China's ex-security chief indicted
April 3, 2015Zhou's indictment, which had been long expected, was announced on Friday by China's procuratorate on its website.
"The defendant Zhou Yongkang... took advantage of his posts to seek gains for others and illegally took huge property and assets from others, abused his power, causing huge losses to public property and the interests of the State and the people," the indictment said.
It added that Zhou "intentionally leaked state secrets."
Zhou, a former member of the Politburo Standing Committee - the most powerful body in China - had been under investigation since 2013. He was expelled from the Communist Party and arrested in December.
High-profile trial
The indictment makes him the highest-level official to be charged as part of President Xi Jinping's much-vaunted anti-corruption drive. It sets the stage for the most prominent trial in China since that of the Gang of Four, who included Mao Zedong's widow Jiang Qing, in 1981, in which the defendants were accused of persecuting political opponents during the 1966-76 Cultural Revolution.

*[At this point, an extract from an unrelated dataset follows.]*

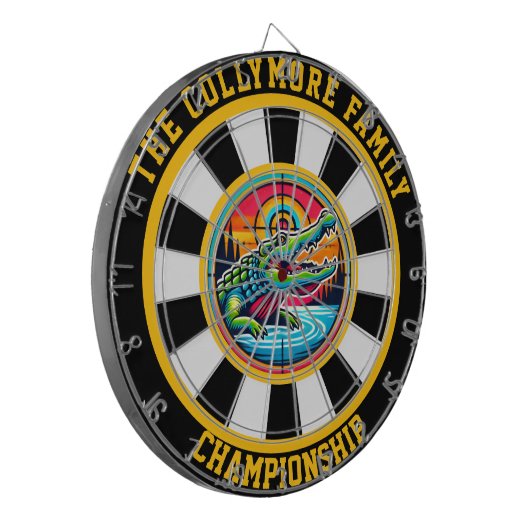 Circulaire krokodillenmeerkunst dartbord (Voorkant Links)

As the Chinese courts are under the close supervision of the ruling Communist Party, a guilty verdict is almost certain, with the Party's mouthpiece, the People's Daily, already branding him a "traitor."
The investigation into Zhou also scrutinized his allies in government and the oil industry, where he held a high position as head of the China National Petroleum Corporation.
Among them is Jiang Jiemin, also a former head of the same organization.
Judging by former trials of prominent figures, Zhou's trial - despite official promises that it will be open in accordance with Chinese law - seems likely to be a relatively closed affair to conceal political infighting at the highest level of the Party.